What you will do: From the listing below, reproduce exactly the lines starting with the one with "Aqua Livyr Womens" and going on through the one with "car air freshener", both ends kept. No picture is copied.

Given records:
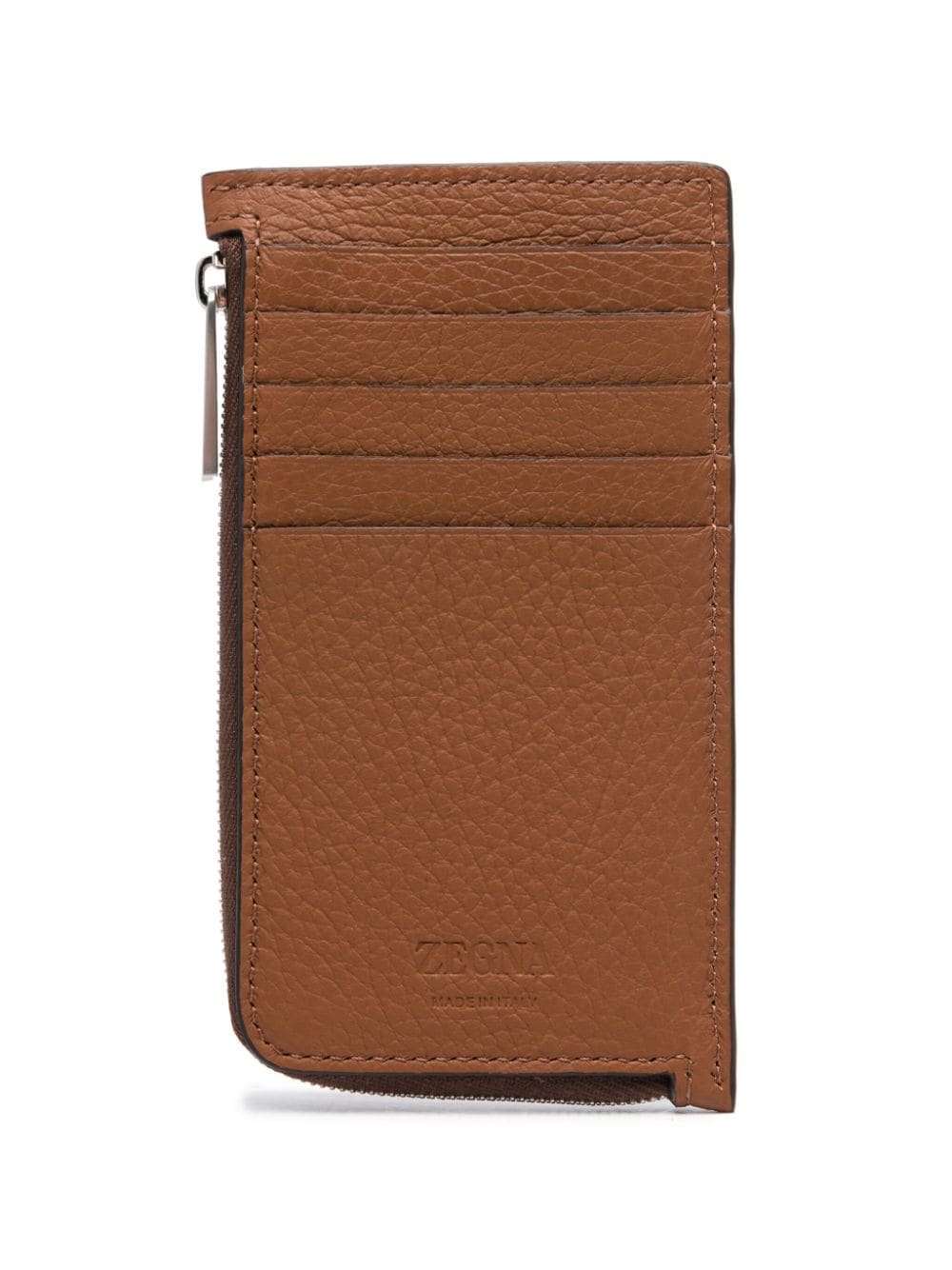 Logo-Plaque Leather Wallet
* * *
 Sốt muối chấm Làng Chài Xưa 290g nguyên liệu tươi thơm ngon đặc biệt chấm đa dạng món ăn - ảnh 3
...
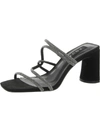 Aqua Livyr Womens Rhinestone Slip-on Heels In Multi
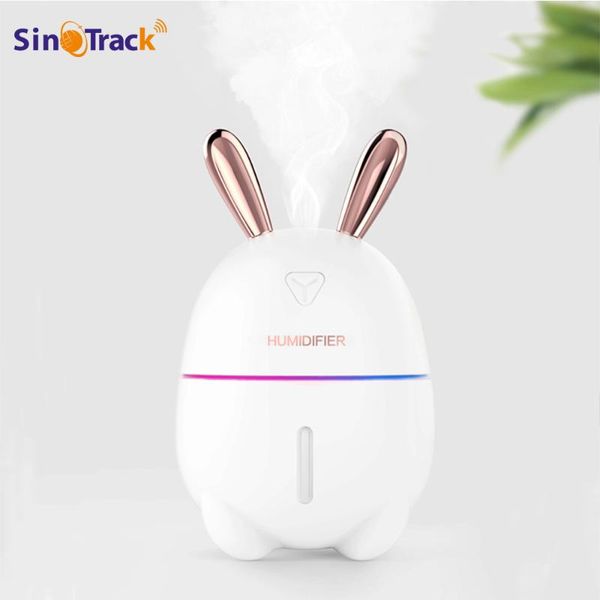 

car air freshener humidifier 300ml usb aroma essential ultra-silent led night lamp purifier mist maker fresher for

Exercise result:
 Aqua Livyr Womens Rhinestone Slip-on Heels In Multi

car air freshener humidifier 300ml usb aroma essential ultra-silent led night lamp purifier mist maker fresher for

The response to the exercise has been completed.